執筆期間は本当に精神がすり減るので、ものすごく悲観的になる。たくさん睡眠をとって、運動をするしかない。ただでさえ新学期で疲れているのだから、なるべく省エネで生活する。そして省エネで執筆する。省エネで執筆するとはどういうことなのか、書きながら試していく。たぶん、プロセスにこだわれば良いのだと思う。とにかく文字を書いていく。クオリティは問わない。そういえば、修論はそうやって書いたのだった。執筆は指のダンスでしかない。そうやって割り切って文章を書き進める。ダンスを楽しむしかないのだ。
ここで毎日文章を書いているのも、実はダンスの実践になっている。何もテーマを決めずに書き始め、文字を前に進めていくことだけを主眼に置いている。もちろん、こうやって書いているから、後から思い出すエピソードもたくさんあるのだが、そういうのは潔く諦める。指が書きたがらなかったことは堂々と捨てる。原稿に関して言えば、あとからエディットするのだから、指が書きたがらなくても問題ない。思い出したら/思いついたら あとから書き加えれば良いのだ。指を信頼すること。これは昨日書いた、思考を物質化することと等しい。デリダの思考の中心には「エクリチュール」という概念があるが、これは思考の物質化を不可避のものとした洞察ではなかったか。頭で思考しない、というのを徹底する。物質で思考するのだ。

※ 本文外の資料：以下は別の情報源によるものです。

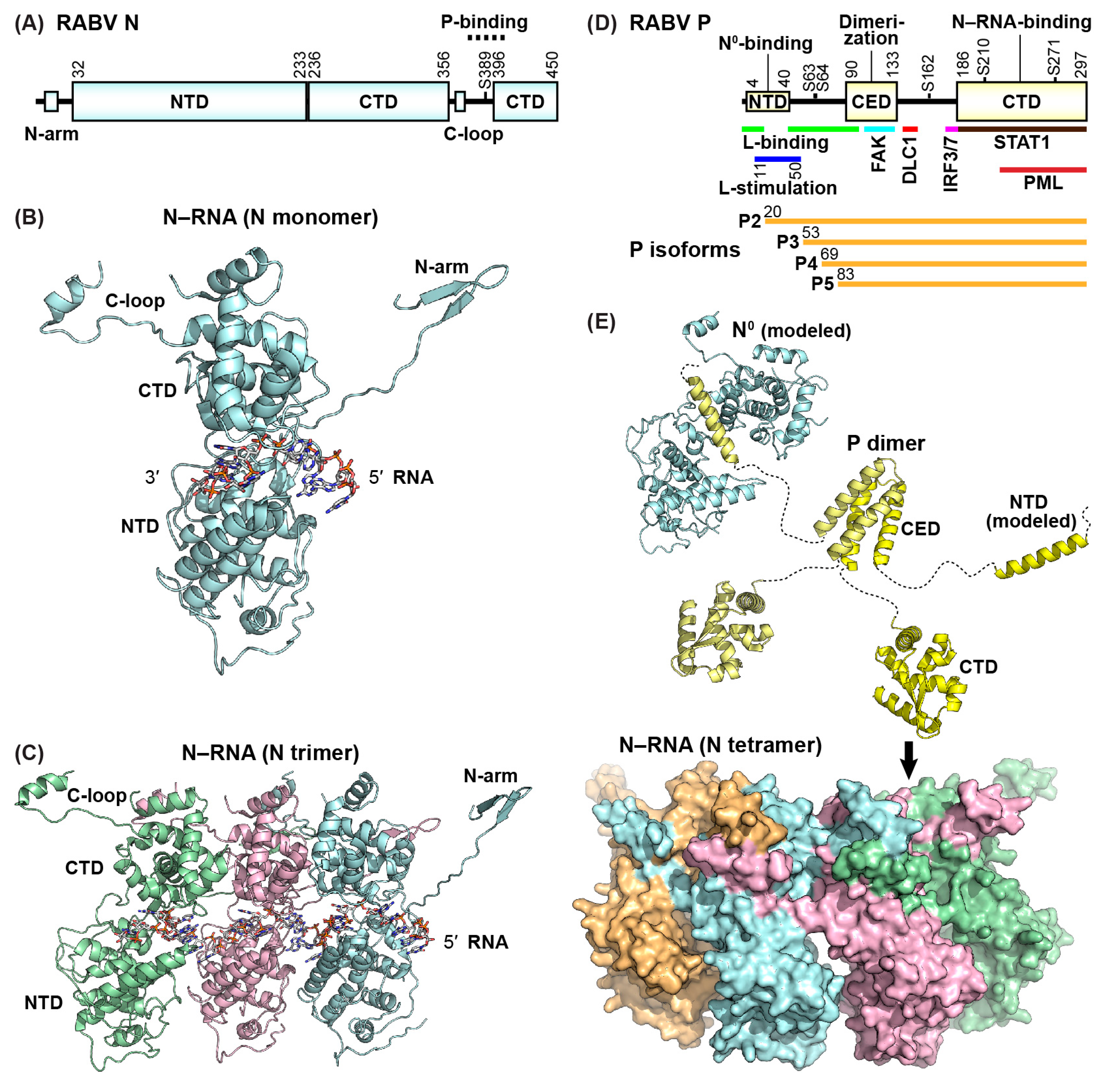 Viruses 11 00504 g003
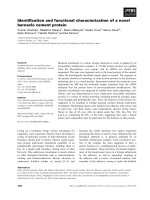 Báo cáo khoa học: Identiﬁcation and functional characterization of a novel barnacle cement protein pptx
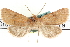  ( - CNCLEP00084053)  @11 [ ] CreativeCommons - Attribution (2014) CBG Photography Group Centre for Biodiversity Genomics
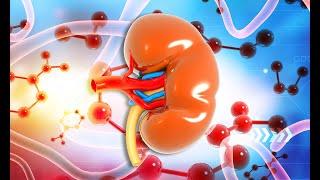 Hypothyroidism in patients with chronic kidney disease, more than just autoantibodies.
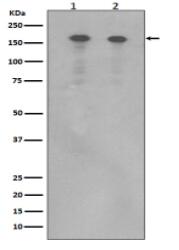 ErbB (HER4) Antibody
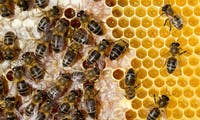 Wissenschaftler trainieren Bienen auf das Coronavirus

朝、大学に健康診断に向かう電車で、優雅にかぎ針で編み物をしている女性がいた。おそらく僕と同世代くらいだろう。ほとんどの人がスマホをいじっている車内で、彼女は真剣に物質と向き合っていた。僕が人を見て安心するのはこういう瞬間だ。人が物質と丁寧に付き合っているとき、心が安らぐ。僕自身は言語と日々向き合っているのだが、言語は物質のスピードを圧倒的に凌駕する。正直なところ、このスピード感に疲弊している。だから僕は早く大量に話す人が苦手だ(たぶん、僕自身がそうだからだ)。他方で物質はものすごくゆっくりだ。本当に少しずつしか物事は進まない。身の回りにいる陶芸家の先生たちがゆっくり作品を作っているのを見ると、僕の思考の「生き急いでいる」感が浮き彫りになる。物質の速度で生きれば良いのだ。彼らはそう教えてくれる。あるいは、編み物の女性は。
なぜこんなに長く書いているかというと、原稿を書きたくないからである。まあ、これは良い準備運動になっていると捉えることにしよう。物質の速度で思考すること——これを心がければ、執筆もそんなに悪くないことかもしれない。